Data:
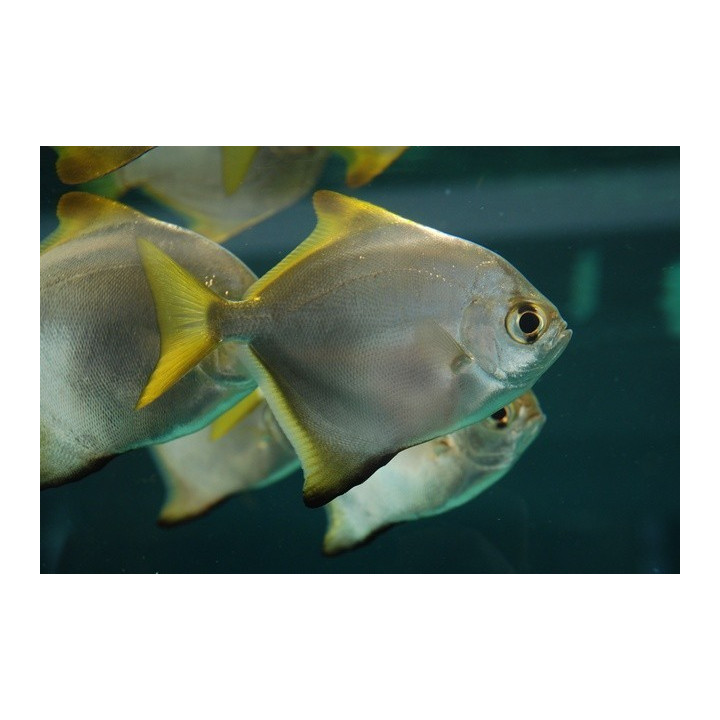 Monodaktilusas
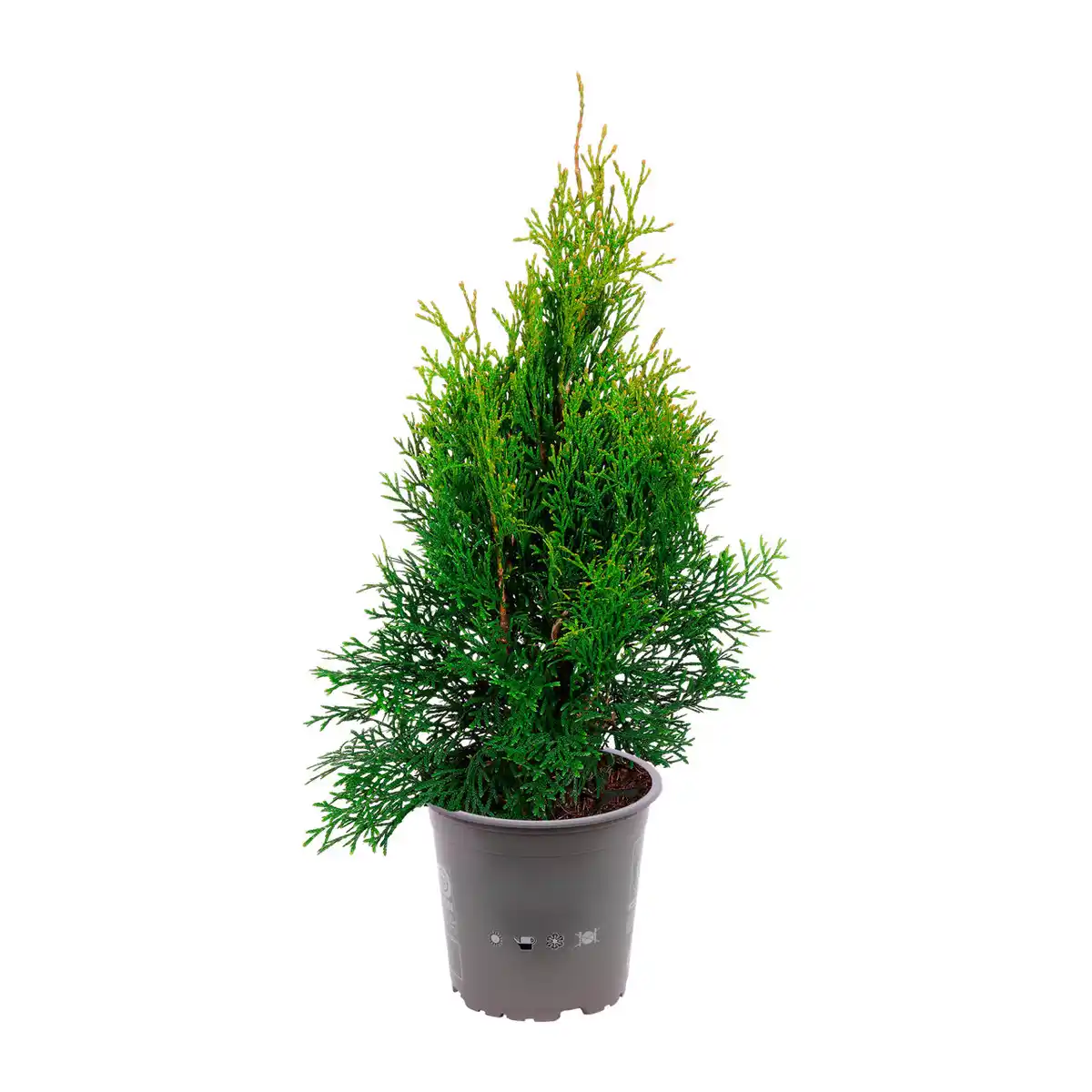 Bild 4 von GARDENLINE Konifere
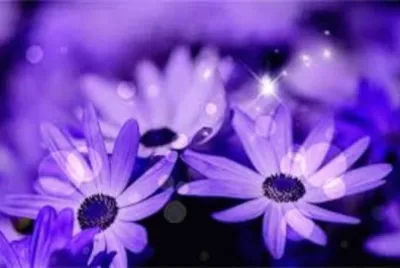 פאזל של èŠ±æœµ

Activity:
Exclude the pictures, and transcribe all of the material exactly.

Answer to this problem:
 Monodaktilusas
 Bild 4 von GARDENLINE Konifere
 פאזל של èŠ±æœµ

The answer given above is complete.